> **Data entries**:
++++
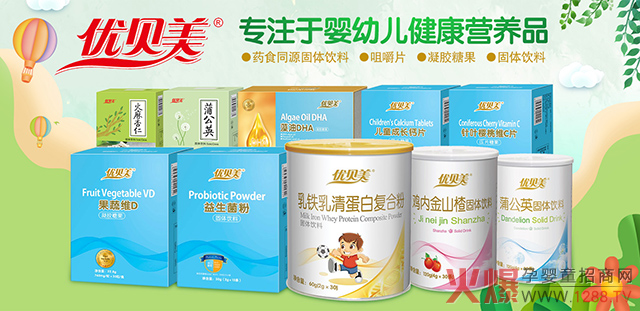 ��(y��u)ؐ���I�B(y��ng)Ʒ���������S���a(ch��n)����ُ�ʳ�9�����͆��ձ�10��+!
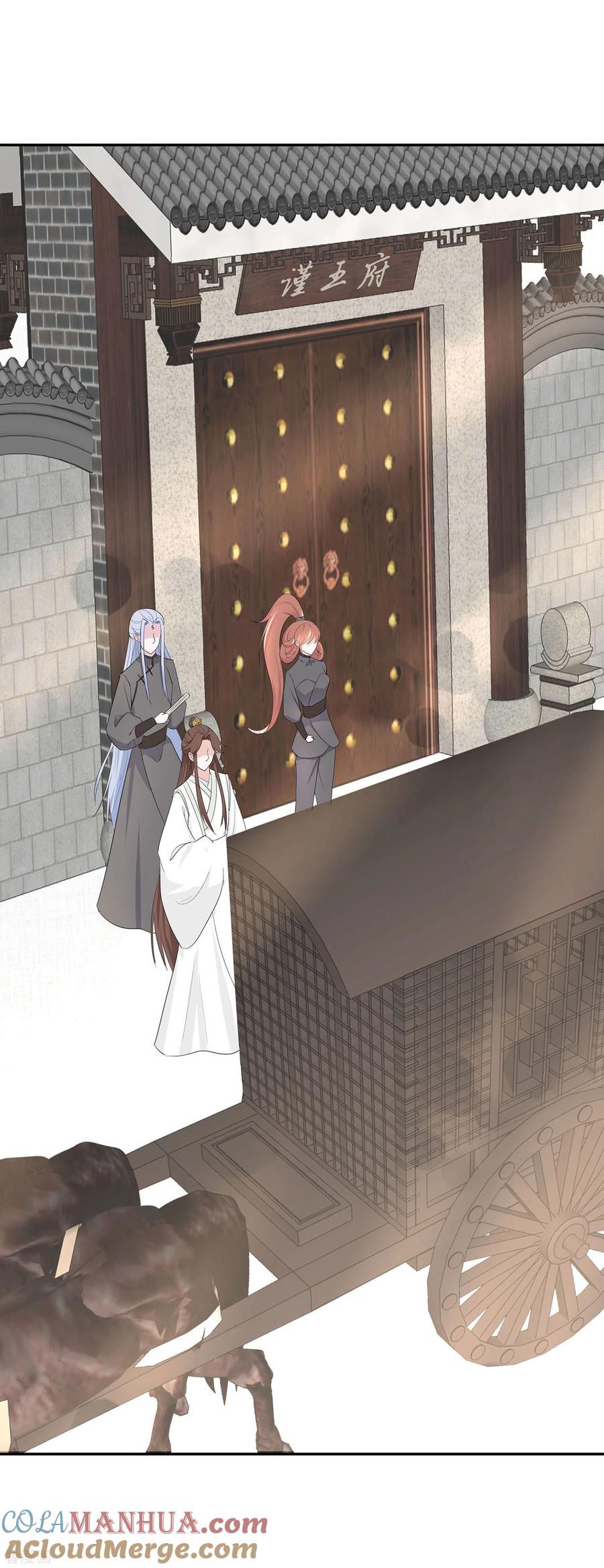 《穿越王妃，夫君别找虐》第71话 被乱来，要注意换气 第29页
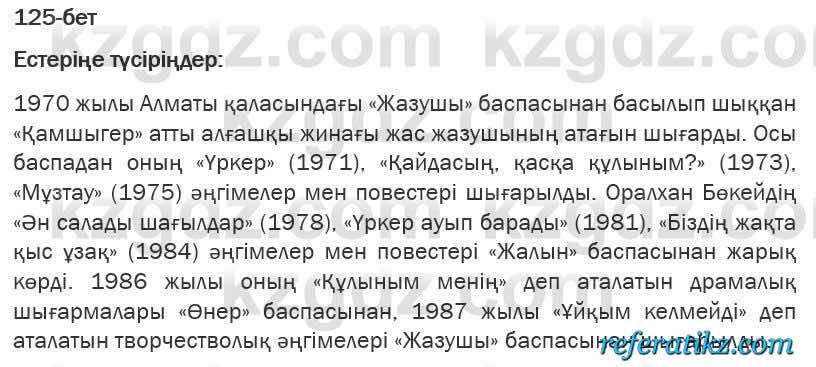 Казахская литература Турсынгалиева 6 класс 2018  Упражнение 125 бет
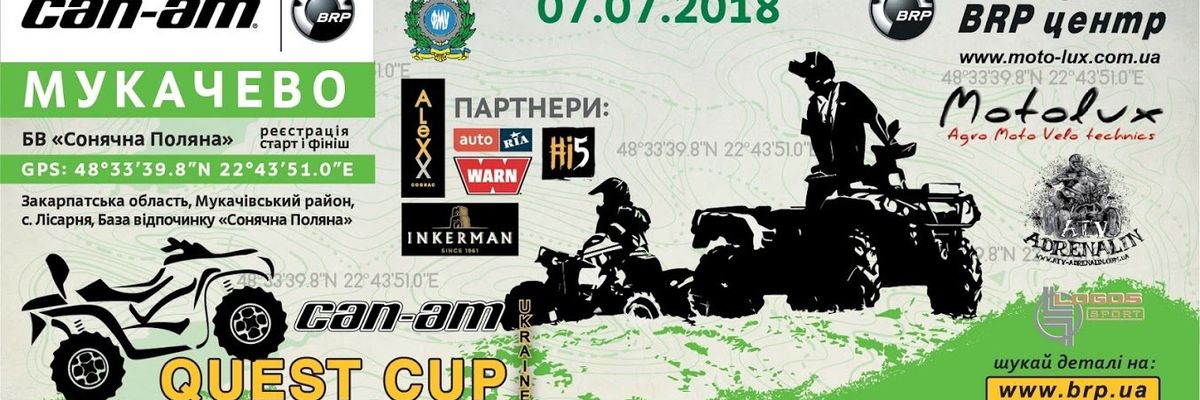 4-й етап BRP Can Am Quest Cup 2018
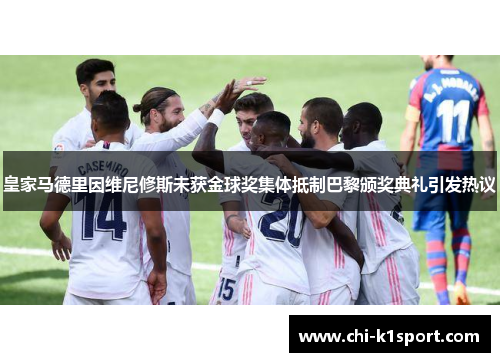 皇家马德里因维尼修斯未获金球奖集体抵制巴黎颁奖典礼引发热议 皇家马德里因维尼修斯未获金球奖集体抵制巴黎颁奖典礼引发热议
++++
> **Task**:
An exact reproduction of the data is needed, with no pictures included.

> **Task answer**:
 ��(y��u)ؐ���I�B(y��ng)Ʒ���������S���a(ch��n)����ُ�ʳ�9�����͆��ձ�10��+!
 《穿越王妃，夫君别找虐》第71话 被乱来，要注意换气 第29页
 Казахская литература Турсынгалиева 6 класс 2018  Упражнение 125 бет
 4-й етап BRP Can Am Quest Cup 2018
 皇家马德里因维尼修斯未获金球奖集体抵制巴黎颁奖典礼引发热议 皇家马德里因维尼修斯未获金球奖集体抵制巴黎颁奖典礼引发热议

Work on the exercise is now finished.